When my husband came to find me a few weeks ago after putting together our taxes, I could tell from the look on his face that things weren’t good.
“How much?” I asked, assuming right off the bat we were looking at owing money. Well, I won’t share the exact amount — mostly because it pains me to even put it in writing — but let’s just say we somehow managed to underpay the federal government well over $2,000 and as a result found ourselves dipping deeply into our savings account to come up with the funds we owed.
A Good Thing or a Bad Thing?
The funny thing about owing money on taxes is it’s not necessarily a bad thing. Although nearly eight out of every ten people get federal tax refunds each year, some accountants will tell you that getting money back means you overpaid throughout the year and therefore essentially gave the government an interest-free loan.
On the other hand, there’s the psychology of the refund to consider. Many people who get refunds don’t necessarily expect to receive money back from the government, and although they’ve technically paid more than they needed to up front, they’re able to enjoy their newfound money once it comes in. Along these lines, those who owe money unexpectedly often have the opposite experience — that they’re suddenly being robbed of money they thought was rightfully theirs.
Regardless of where you tend to side in this debate, one thing’s for sure: You don’t want to owe so much money that you’re forced to pay a penalty.

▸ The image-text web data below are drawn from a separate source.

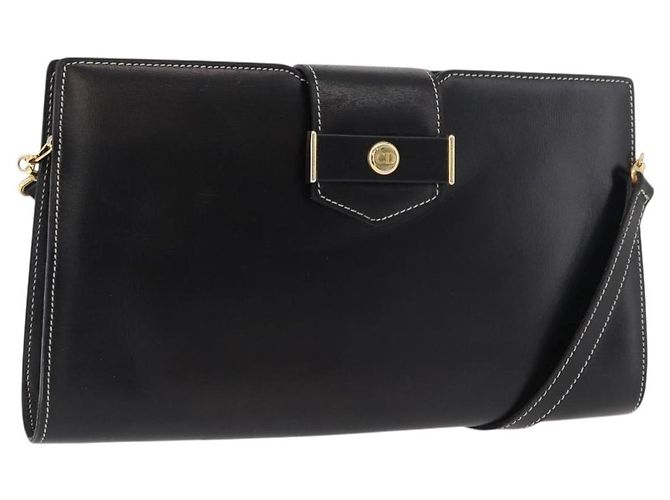 Borsa a Spalla Christian Dior in Pelle Nera e Oro Auth ka3883 Nero D'oro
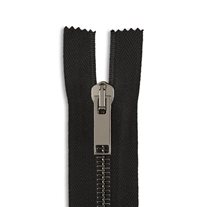Italian Made High-Quality Finish #5 11" Gunmetal Pant/Dress Zipper - Black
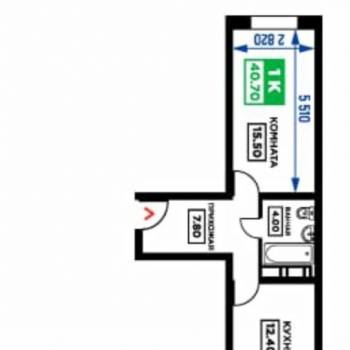 Продается 1-комнатная квартира, 43,13 м²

Usually you can avoid this if you:
• Owe less than $1,000.
• Paid at least 90 percent of the taxes you owed for the current year, or 100 percent of the taxes you paid last year.
Avoiding the Situation in the Future
Unfortunately, if you’ve discovered you owe money this year, it’s pretty much a lost cause. But there are steps you can take to avoid owing money next year.
• First, check your withholding status — that’s the amount your employer is taking out of your paycheck. Did you claim too many allowances? You may need to correct your W-4. You can also try using the IRS’s estimated tax calculator to see if you’re paying enough and then adjust your withholdings accordingly.
• Next, review other sources of taxable income. Did you earn a lot of money from a savings account or Certificate of Deposit? Did your investments pay dividends that propelled you into a higher tax bracket? Growing your money is never a bad thing, but if it causes an uncomfortable situation come tax time, you may want to rethink your current strategy.
• Finally, if you’re worried about owing but don’t want to overpay and lose out on interest, you can leave your W-4 as-is but create a separate savings account designated for tax money — money that, in your mind, isn’t really yours. You can then put in money each month so that it accumulates over the year. If, come tax time, you see that you owe money again, you can simply dip into your special account to pay the government, as opposed to having to tap into your savings. And if you find that you don’t owe on your taxes, that money is yours to keep, and you’ll have earned interest on it as well.
Filing our taxes was a major wake-up call for us. Although it was a lousy way to learn our lesson, we’re already taking steps to get smarter and avoid a collective panic attack come April of 2017.